# Laws of the UAE?



## lisnsr (Mar 18, 2010)

I am a dual citizen of both the USA and UAE. I had lost contact with my father and recently through a wonderful person on this forum started contact with him again. Any ways he has invited me to go visit him in UAE. I am 18 & I am kind of scared that he will not allow me to leave UAE on my own free will once getting there. Kind of like the movie " Not With Out My Daughter" In the past he attempted to take me from the states without my mother's knowledge. Does anyone have any idea if he can keep my there if I don't want to stay.

Thanks,
N.A.


----------



## Jynxgirl (Nov 27, 2009)

Yikes! I dislike this place but its not THAT bad.... Little less movie watching!

You should really do some reading about this place. You will have no issues leaving. Emiratis that I have met have all pretty much been very very nice people.


----------



## lisnsr (Mar 18, 2010)

I want to thank you for your response. But my question is ligit. My mother has friends who are stuck over in UAE because the spouse will not allow the children to leave the UAE. They might be nice people but will a whole diffrent mind set.


----------



## The Hero (May 16, 2010)

*Wow*



lisnsr said:


> I am a dual citizen of both the USA and UAE. I had lost contact with my father and recently through a wonderful person on this forum started contact with him again. Any ways he has invited me to go visit him in UAE. I am 18 & I am kind of scared that he will not allow me to leave UAE on my own free will once getting there. Kind of like the movie " Not With Out My Daughter" In the past he attempted to take me from the states without my mother's knowledge. Does anyone have any idea if he can keep my there if I don't want to stay.
> 
> Thanks,
> N.A.



If you have genuine concerns and he honestly wants to re-connect, then maybe he should pony up for a trip to the US. Try letting him know your position and the movie you just saw . But seriously, be careful and hopefully you have a safe and successful reunion.


----------



## Jynxgirl (Nov 27, 2009)

You are a grown adult. You can come and go as you please from this country with your passport. 

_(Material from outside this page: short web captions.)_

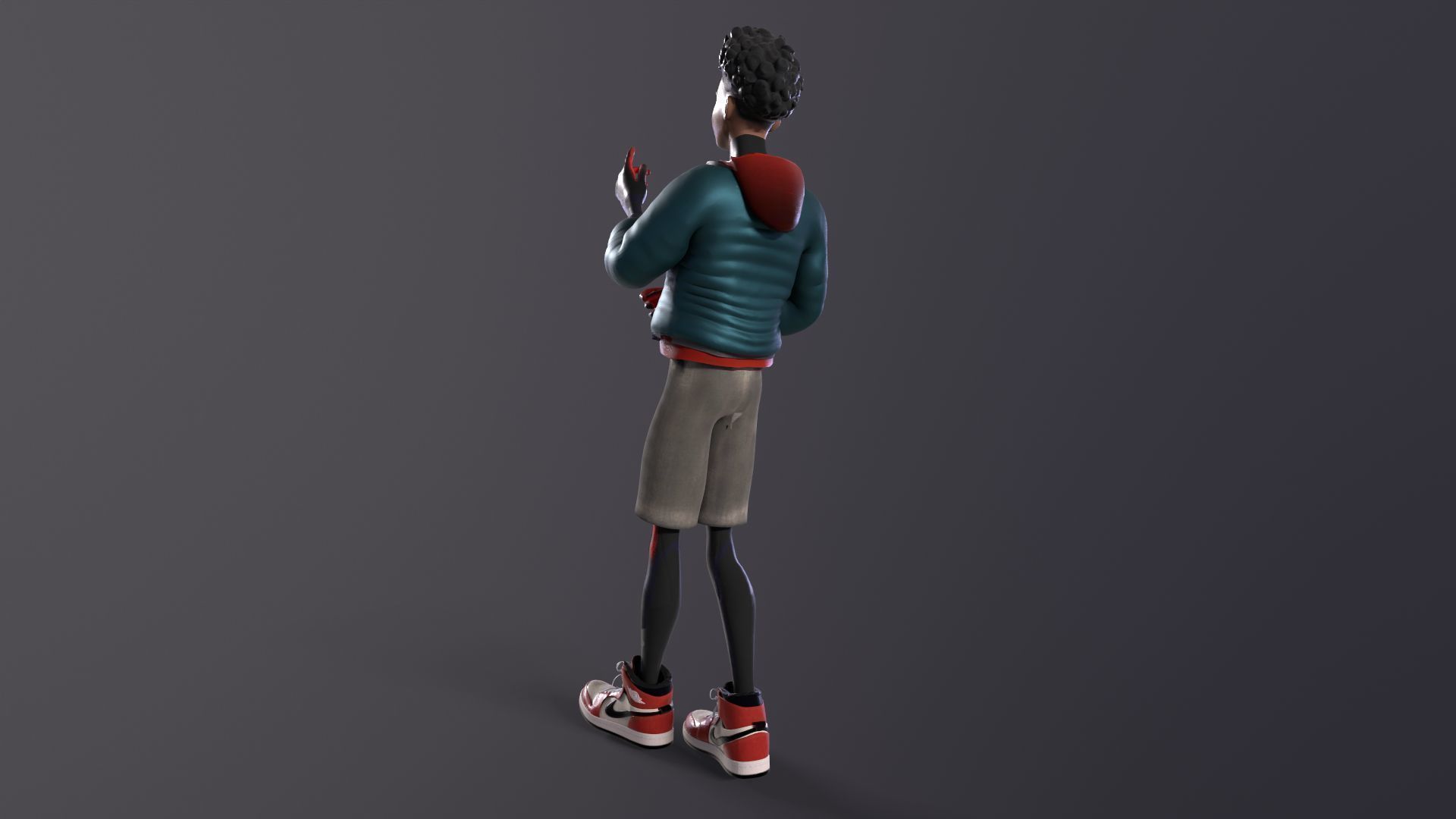 Miles Morales Spiderman PBR Animated model Low-poly 3D model_21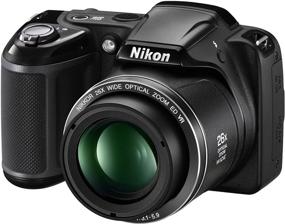 img 2 attached to 📷 Nikon Coolpix L320 16.1MP Digital Camera with 26x Optical Zoom - BLACK: Capture Exceptional Photos with Enhanced Zoom Capability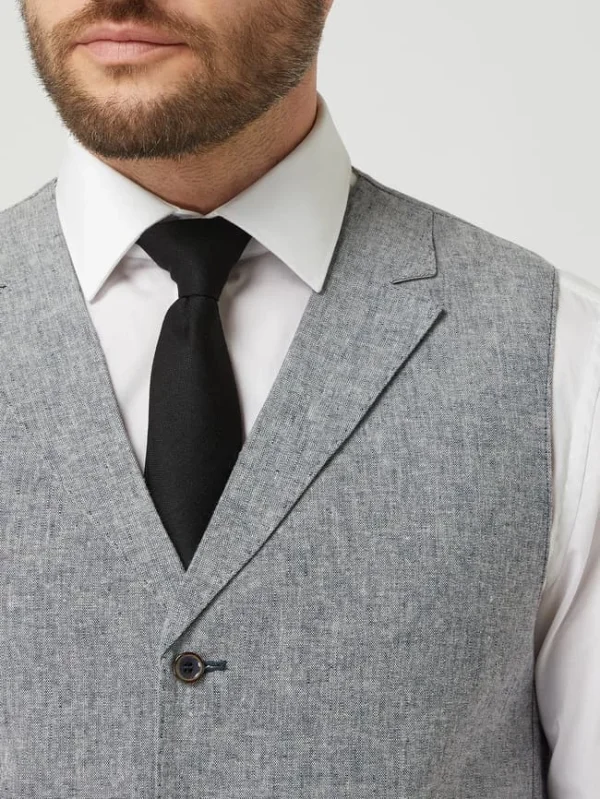 Budget ⌛ Atelier Torino Weste Mit Leinen-Anteil Modell ‘Orazio’ – Hellblau ? 4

Those women are not stuck here. They can come and go of their own free will as well. The rights of children are a different matter but you will not have any issue with this.


----------



## Fatenhappy (Jun 23, 2009)

lisnsr said:


> I want to thank you for your response. But my question is ligit. My mother has friends who are stuck over in UAE because the spouse will not allow the children to leave the UAE. They might be nice people but will a whole diffrent mind set.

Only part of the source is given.